His answer was strange and beautiful. Light, he proposed, picks the path that takes the least time. Not the shortest path — the fastest one. In air, light moves quickly; in water, more slowly. To get from a point above the surface to a point below, the straight-line path is the shortest, but the quickest path bends at the surface, spending more time in fast air and less in slow water. Work out the geometry, and Snell's law falls out exactly.

It was a strange thing to say. Light, somehow, was choosing. Every photon, before setting out, seemed to survey all possible routes and pick the cheapest one. Fermat himself was uncomfortable with the metaphysics; his contemporaries were worse. But the rule worked.

What no one in 1662 could have guessed is that Fermat had stumbled onto something far larger than optics. The idea that nature picks the cheapest path would, over the next three hundred years, eat physics whole — mechanics, electromagnetism, general relativity, quantum field theory. And, eventually, it would give us a way to derive a 2023 machine learning algorithm from first principles.

This post is about that arc. About how a single idea — nature optimizes — connects a 17th-century optics puzzle to flow matching, the technique used to train modern generative models. We will walk the historical thread quickly, then watch flow matching fall out of the same machinery that Lagrange and Hamilton built for mechanics. The math is well-known to specialists; the view, I think, is worth sharing.

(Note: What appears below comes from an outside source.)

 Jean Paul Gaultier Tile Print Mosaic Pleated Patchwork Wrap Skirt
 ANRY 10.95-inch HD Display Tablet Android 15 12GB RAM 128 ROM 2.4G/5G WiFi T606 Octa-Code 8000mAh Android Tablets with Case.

2. Maupertuis and his thrifty universe

Eighty years after Fermat, in 1744, Pierre Louis Maupertuis took the principle and made it cosmic.

Maupertuis was president of the Berlin Academy, a favorite of Frederick the Great, and a man whose ambitions ran ahead of his mathematics. In a paper titled Accord de différentes lois de la nature qui avaient jusqu'ici paru incompatibles — "Agreement of different laws of nature that had hitherto appeared incompatible" — he proposed that Fermat's principle wasn't just about light. It was a universal law. Everything in nature, everywhere, picks the path of least action.

What was "action"? Maupertuis was vague. He defined it as something like $\int m v \, ds$ — mass times velocity, integrated along the path. It worked for some examples and failed for others, but the vision was clear: God had built a thrifty universe. "Nature, in producing its effects, always uses the simplest means."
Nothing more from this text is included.